文革中向达的受辱和几十年后的思考
北大历史系教授郝斌的《流水何曾洗是非: 北大“牛棚”一角》今年(2014)年一月由台湾大块文化公司出版,立即在网上引来不少关注和评论。托人从香港订购来(港币价比台币原价高了不少),再寄到美国家中,手不释卷地读完,感触真是良多。
关于北大“牛棚”的反人类暴行和受虐者的心境,季羡林的《牛棚杂忆》(1998)写得也十分细致,但《流水何曾洗是非》与之相比,不仅涉及一个人自己的经历,还有众多中国的一流学者的群像,他们中有向达,邓广铭,周一良,罗荣渠,邵循正…作者对于几个当年作恶多端的北大学生红卫兵,直称其名,决不用XXX代替,让人感到畅快。更重要的是,作者对文革中的一系列现象进行的剖析和反思,使得这本书的深度远超过一般的回忆。
作者亲眼目睹著名历史学家,敦煌学的奠基人向达在1966年的一天的受辱经过:红卫兵抄了向达的家(行话曰“采取了革命行动”),发现向达的茶几上放着毛泽东瓷像,对面桌子上是一只张着嘴的老虎。红卫兵(注意此处不是中学红卫兵而是北大的学生)坚持认为老虎张着嘴对着毛主席,说明向达在发泄对伟大领袖的仇恨。
作者描述出身湘西土家族,性格倔犟刚毅(书中有例子,此处不重述)的向达此时“讷讷无言,没有分辩,没有反抗”,“屈倒双膝,跪倒在毛主席像前,并遵照学生的命令一字不差地口念: ‘我有罪!向伟大领袖毛主席请罪!’”
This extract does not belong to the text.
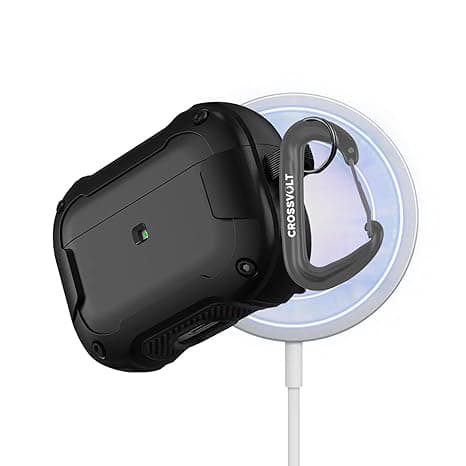 CROSSVOLT Compatible for AirPods Pro 2 Case with Mag-Safe, Wireless Charging, Powerful Drop Protection, TPU, Tough Magnetic Cover for AirPods Pro 1st/2nd Generation (2022/2019),Black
四十年后,郝斌对这一幕的反思在于几个方面:一,对于学生的思维逻辑。郝斌写道:
“…也许有人会问:是这两个学生智力低下?还是他们无理取闹? 我们可以断然回答: 都不是! …任何一个人, 包括我, 甚至向达先生本人,凡是亲临其境的,都能真切地感受到,那两个学生是按照自己的认知行事,说话,呼吸,都有一股堂堂浩然之气…我们深知,这不是个人行为,在他们的背后,站着全校的学生,乃至千百万的同龄青少年。”他认为,学生是被控制和操纵的:“在那个年代,在为理性的温床已经形成之际,偏有那么一些人,一些以为民心可用的权术之士,从中操纵,上下其手…他们的推波助澜…害得整整一代青少年染上了恣意追求情绪和暴力的群体性综合症。”
二,对于责任,可能针对前两年有人就红卫兵暴力问题提出追究老师的责任,郝斌指出,如果个别学生有不良行为,老师难辞其咎,但当时的青少年几乎个个如此,“这样的责任,是几个当老师的能担当得起来的吗?”
三,对于向达表现出的和本人“为人憨直,是非分明”的个性不相符的忍耐和顺从,郝斌的推测是:除去无奈以外,“向先生深知,他面对的不只是两个无礼小子, 而是一种社会和时代的病症!在他一位饱谙世事的老人眼里,那两个年轻学生,精神已经处于非常状态,病得不轻,他心生几多怜悯也说不定,有哪家的长者会跟自己的病态孩子去较真呢? 何况,这还是一种配以暴力的‘红卫兵文化’与弱势的正常文化之间的冲突!”郝斌最后把向达的表现解释为一种胸怀。
向达下跪请罪的时候究竟在想什么,旁人都只能推测。在我看来,“胸怀”说可能稍微拔高了一些。我想,当一个铁骨铮狰又饱谙世事的老人,一个学养深厚的智者最后变得如此“讷讷无言”,“屈倒双膝”,也可能是因为他对他所受到的质问所体现出的荒谬和愚昧程度感到震惊和绝望。向达对于国民党政权和日本侵略者都作出过知识份子的鲜明回应,但面对如此愚昧的逻辑,整个时代深入骨髓的病症,倒可能会彻底失语。在经历了“集体拔草”的惩罚和那场著名的“集体罚跪”事件之后,他想必已然明白,他正面对的是一种什么样的空前绝后的“病态文化”,而他自己所追求和代表的学术文化,正如郝斌教授所说,只不过是“正常”然而又多么“弱势”的。他已经不可能,也不屑于去解释老虎的口的方向这个无比荒诞的问题,只能选择一种“随你怎么说”的态度了。人面对纯粹的“恶”可能会挺身而出,面对“愚”以及“愚”和“恶”的混合物倒真可能束手无策,缴械投降。
向达于1966年11月24日因病重逝世。